His thought process and his exhaustion at the end was dire, and he had doubts that he would be able to harness his final resources and strength to finish. “I wasn’t in the moment enough when I crossed that finish line, and I did not realise that ‘Ray of Light’ had waited at the finish for me. I was just processing too much, and very badly, but by the time I reached the dock I had come to my senses”.

I can fully sympathise with the emotions, exhaustion and regrets he felt on finishing, but there were questions he needed to answer and clarify.

“Am I correct in saying that you were the southern-most boat in the fleet at one point and the most northern boat in the fleet at one point as well, or have I mixed you up with ‘Ray of Light’, as it is interesting that you had both extremes and you were right there challenging for line honours at the finish line”.

“I certainly was the most southern boat, and I probably did end up the most northern too” he responded with confidence.

“I didn’t really pay attention to positions until my wife, Chiara, kept telling me that I was winning. I told her that the results programme looks at the closest boat to Rio, and that as I was the most western boat, I wasn’t winning anything! Eventually I had to believe her!”

Did you know at the time that you had a good chance of taking line and handicap honours 50 years after old Bruynzeel took line and handicap honours in 1973? Bruynzeel’s boat was the biggest in the fleet while you were racing the smallest boat. That would have been a brilliant history making moment had you done it?
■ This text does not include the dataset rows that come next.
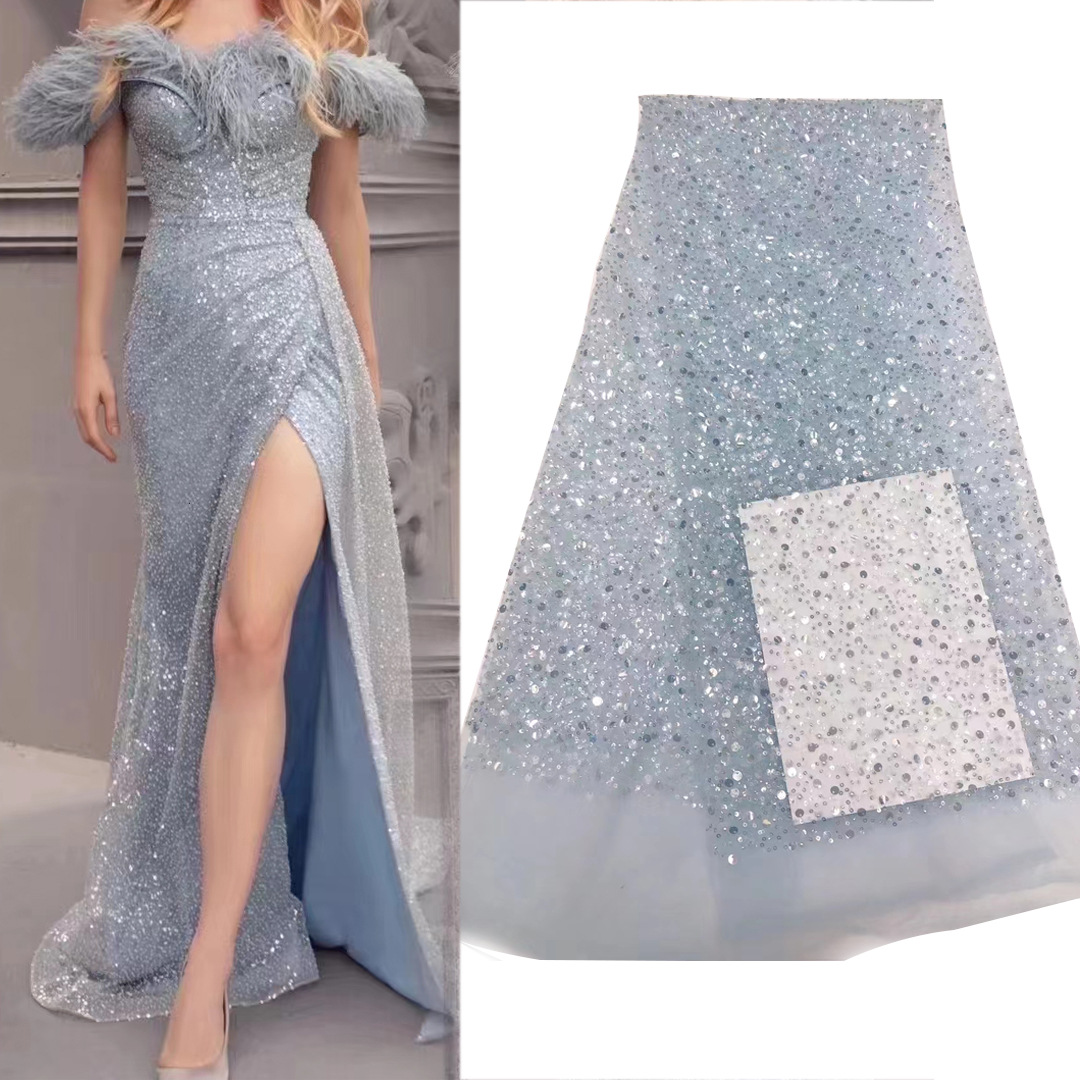 2022 Venta caliente completo perla bordado tela moda cristal lentejuelas encaje tela vestido de novia moda tela JX2025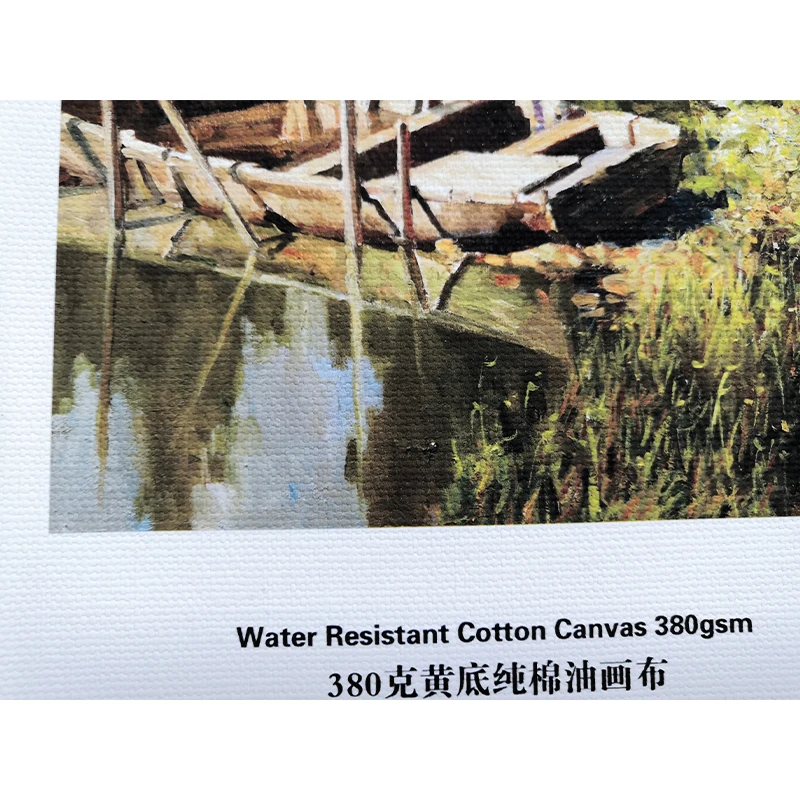 380g matt waterproof 100%cotton woven texture image print oil painting inkjet fine art canvas roll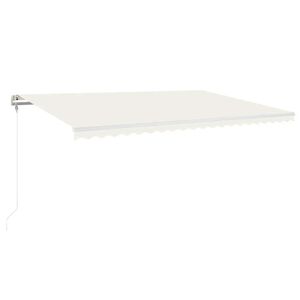 vidaXL Automatick&aacute; mark&yacute;za LED a senzor větru 500 x 300 cm kr&eacute;mov&aacute;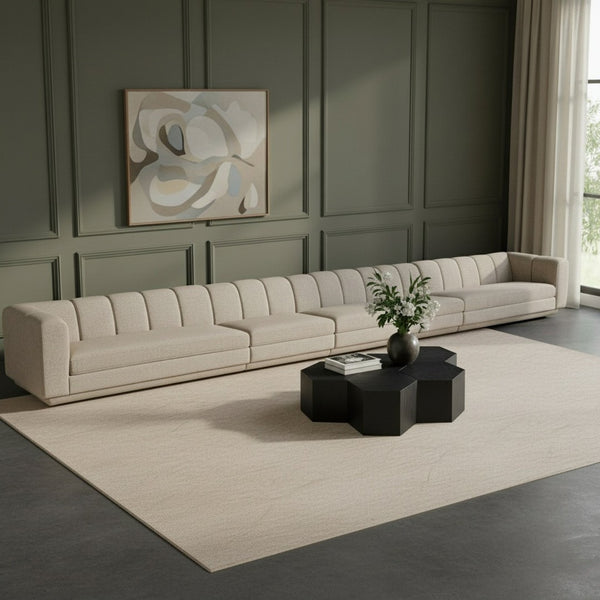 Meridian Furniture Modari Five Piece Modular Sectional Sofa Chenille Upholstered Channel Tufted Living Room 143Beige-S5A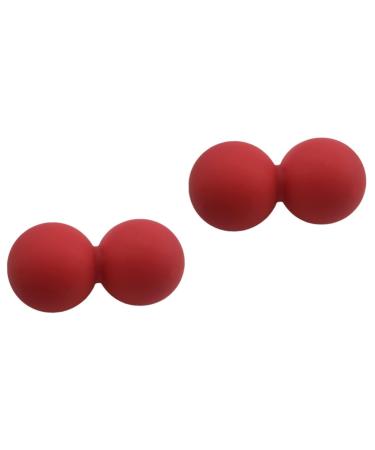 Solustrie 2st Self massage Erdnuss-Yoga roll Double massage Foot sole massage roller foot massage massage ball peanut ball peanut ball Whole body massage ball yoga ball fitness red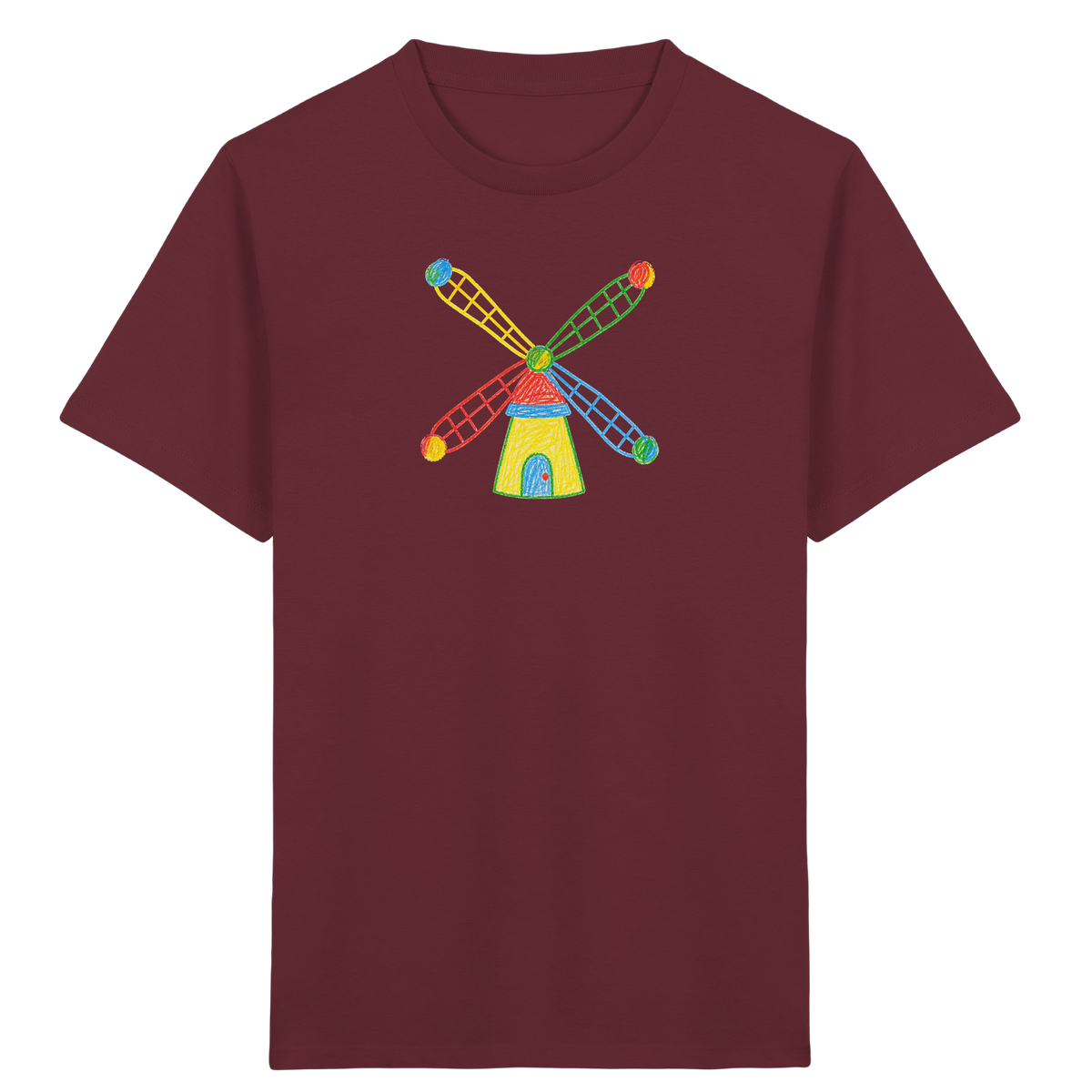Bunte Windmühle mit Farbpunkten - Kinder Bio T-Shirt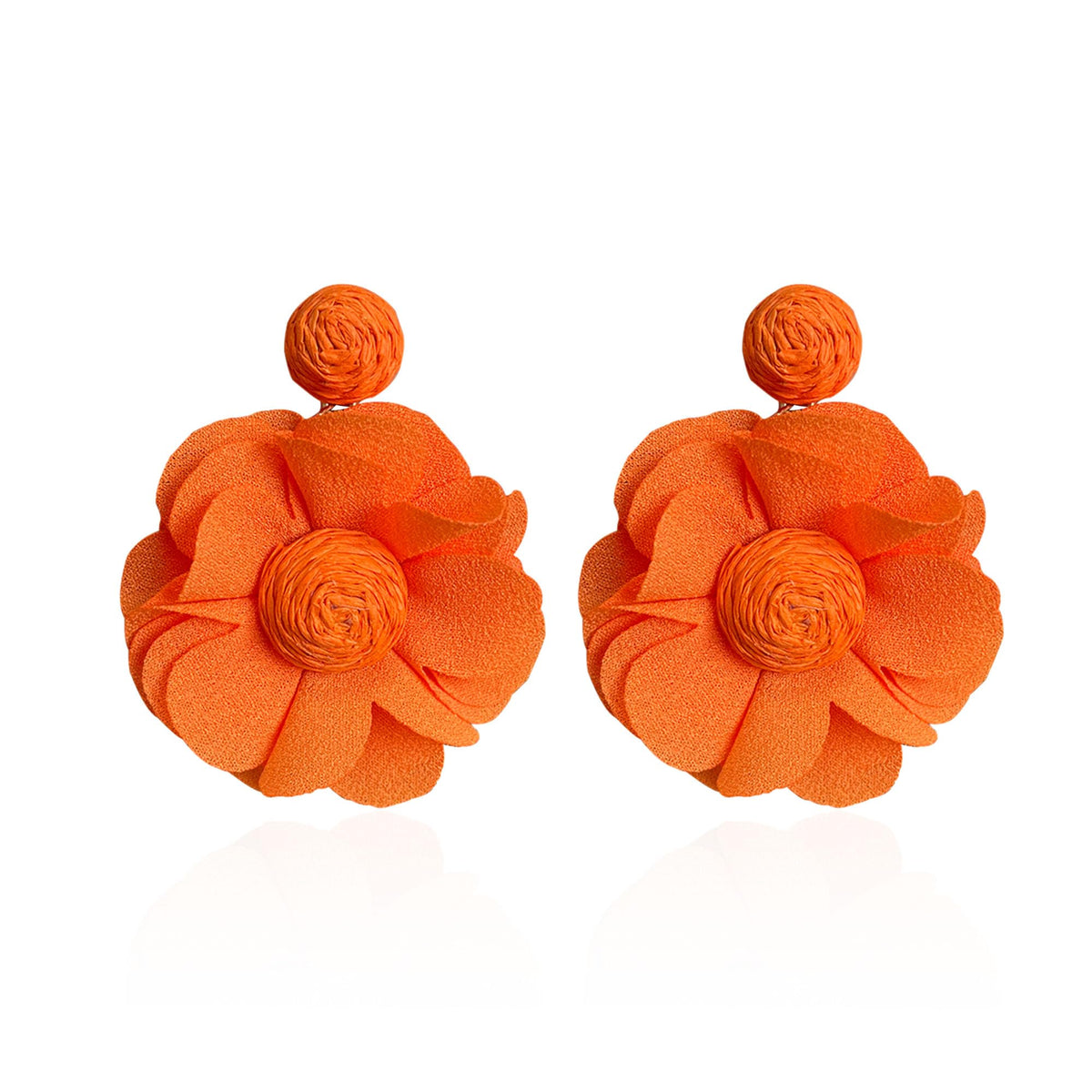 Rattan Flower Drop Earrings Raffia Dangle Boho Statement Earrings for Women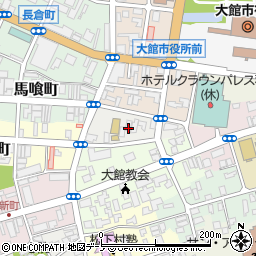 秋田県大館市裏町周辺の地図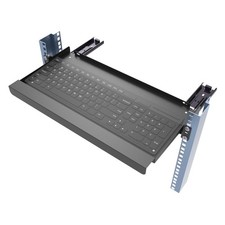 1U Keyboard Tray 8" Deep -Universal 19" Rack Mount Sliding Shelf for Network ...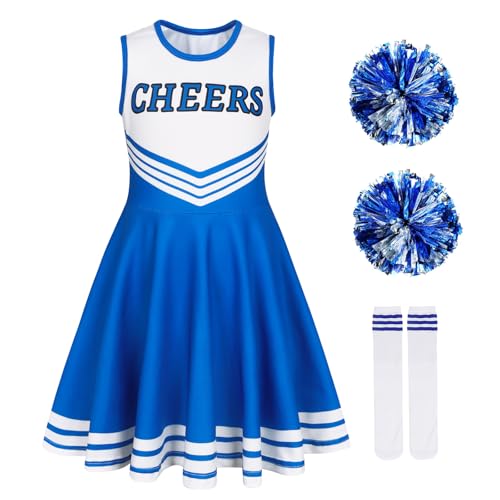Berich Cheerleader-Outfit für Kinder, verkleiden sich mit Pompons, Socken, Prinzessinnen-Kostüme für Mädchen, Halloween-Uniform, Therm-Partykleidung, Mädchen, Cheerleader-Kostüm, Blau, 5–6 Jahre, 120 Berich Cheerleader-Outfit für Kinder, verkleiden sich mit Pompons, Socken, Prinzessinnen-Kostüme für Mädchen, Halloween-Uniform, Therm-Partykleidung, Mädchen, Cheerleader-Kostüm, Blau, 5–6 Jahre, 120 von Berich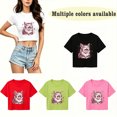 thumbnail image 7 of Womens Short Sleeve Crop Tops Graphic T-Shirts Crew Neck Summer Casual Slim Fitted Screaming Cat Print Crop Tee Tops, 7 of 7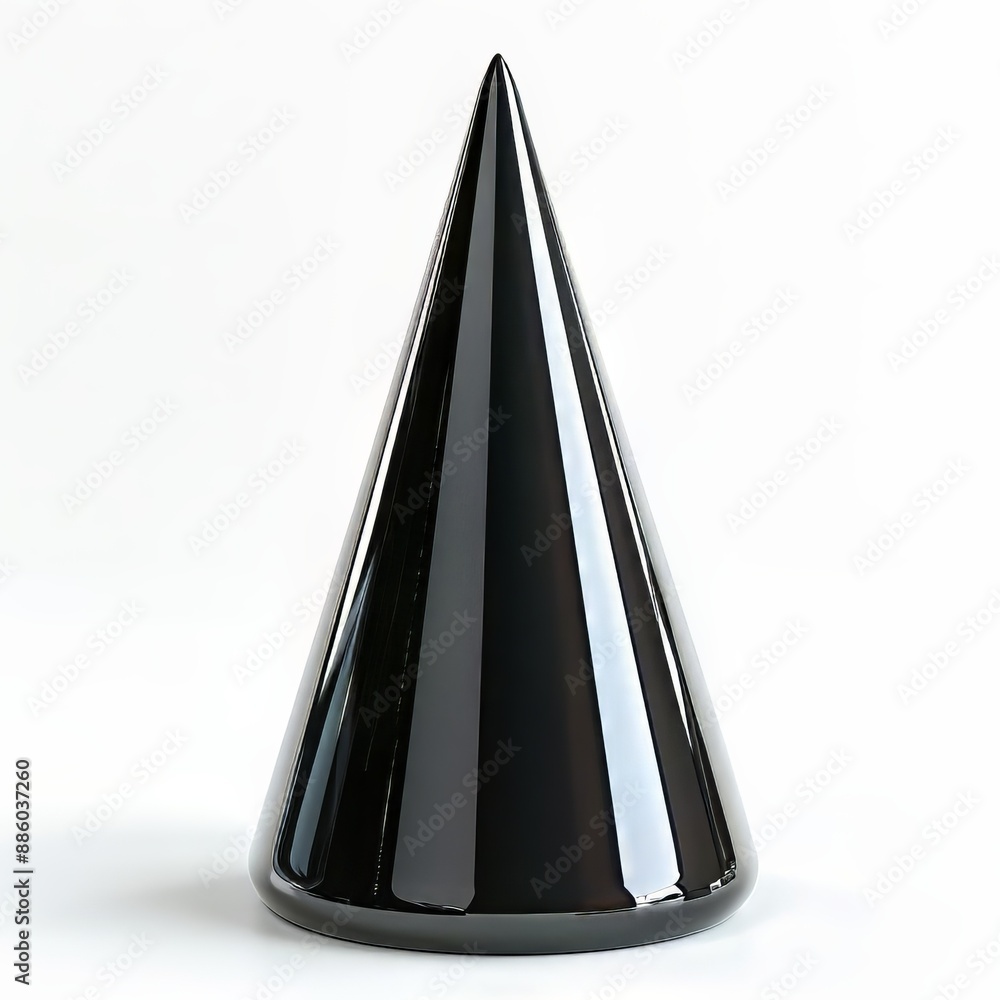 Poster 3d rendering of a glossy black cone on a white background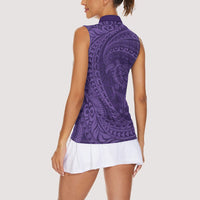 Hawaiian Turtle and Shark Women Sleeveless Polo Shirt Kakau Tribal with Polynesian Pattern Purple Color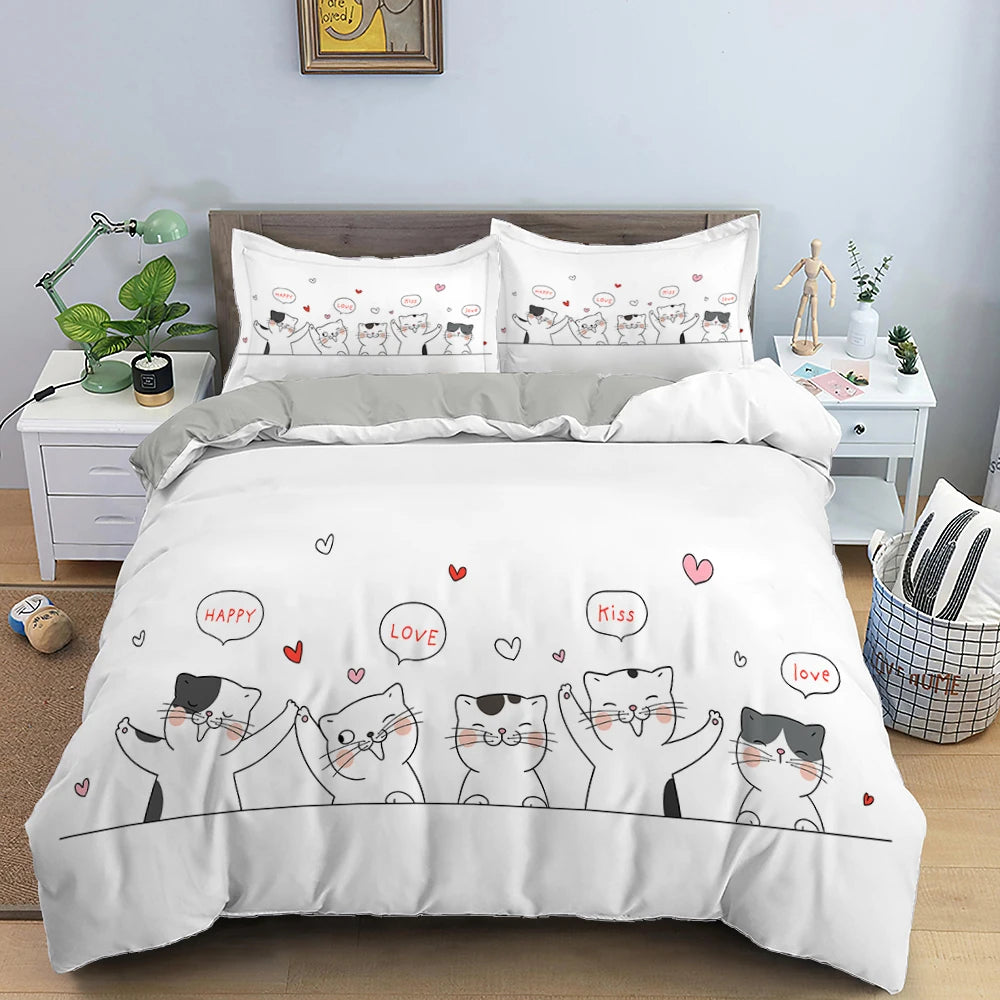 Cute Pink Pet Cats Cartoon Kitten Print Duvet Cover Pillowcase Polyester Quilt Cover for Children Women Bedroom Decoration King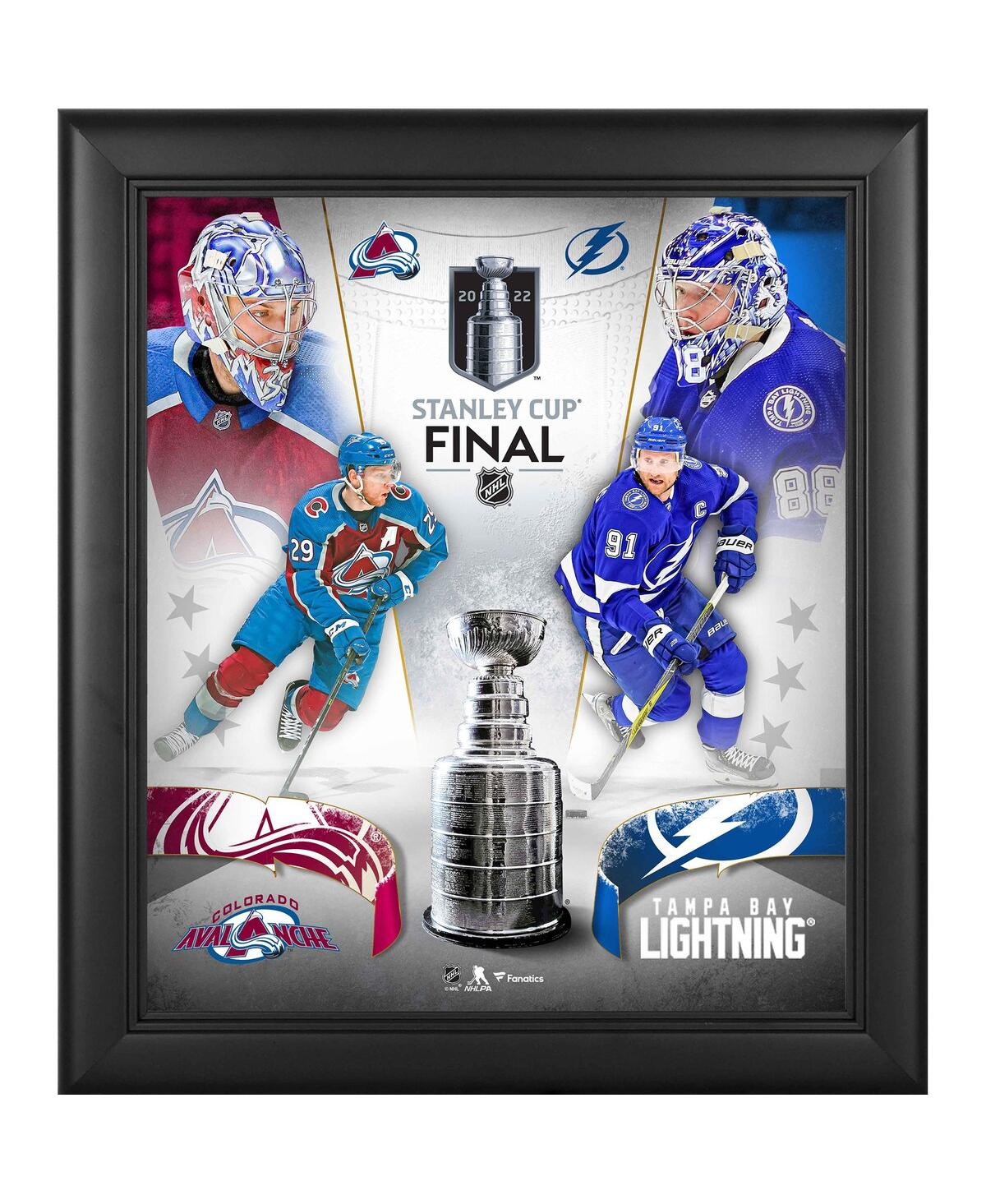 Fanatics Authentic Tampa Bay Lightning Vs. Colorado Avalanche 2022 Stanley Cup Final 15'' X 17'' Matchup Framed Collage In Multi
“I had no appreciation for how brilliant a piece of history that would have been – it makes my skin crawl. I was absolutely focussed on obtaining my objective which was to have fun, be safe and have no dramas. I was governed by that and did not take any mad risks to get line honours. I was confident though that I had the South Atlantic Trophy in the bag”.

“While closing in on Rio I had to remind myself that I was heading into a big blow, and not wanting to mess things up and compromise my position, I took my sails down too early. My thoughts were that line honours was pie-in-the-sky and that no one really cared about them anyway as “The Prize” is the South Atlantic Trophy. I simply did not comprehend the history and what an achievement it would have been. I actually put it out of my mind and wrote “forget line honours” – just get there” in big letters in my notebook.”

You were quite correct in that approach as the big prize is the South Atlantic Trophy, but, to do both in the smallest boat in the fleet would have been absolutely brilliant.

“It was a helluva dichotomy, because although I put it out of my mind, I did race ‘Ray of Light’ as best I could, but they got through me in the last four hours of the race.”

At the time I imagined how difficult it was for you because you were 10 – 12 feet shorter than them and they were fully crewed compared to your one functioning arm!

“I do console myself in having the satisfaction of winning the South Atlantic Trophy and having my name on it now. My thoughts on the trophy is that it has 32 ounces of solid gold – at today’s prices about R880 000’s worth, never mind the silver which takes its value to about R1 million. But, that is not the value of the trophy, as the value is all the names that have gone before mine. My father tried to win that trophy twice – he missed it once by 3 minutes, and once by 4 minutes!

Receiving that trophy is a moment I will treasure forever.

Adrian and Chiara Kuttel and their family with the five trophies he won in the 2023 Cape to Rio Race.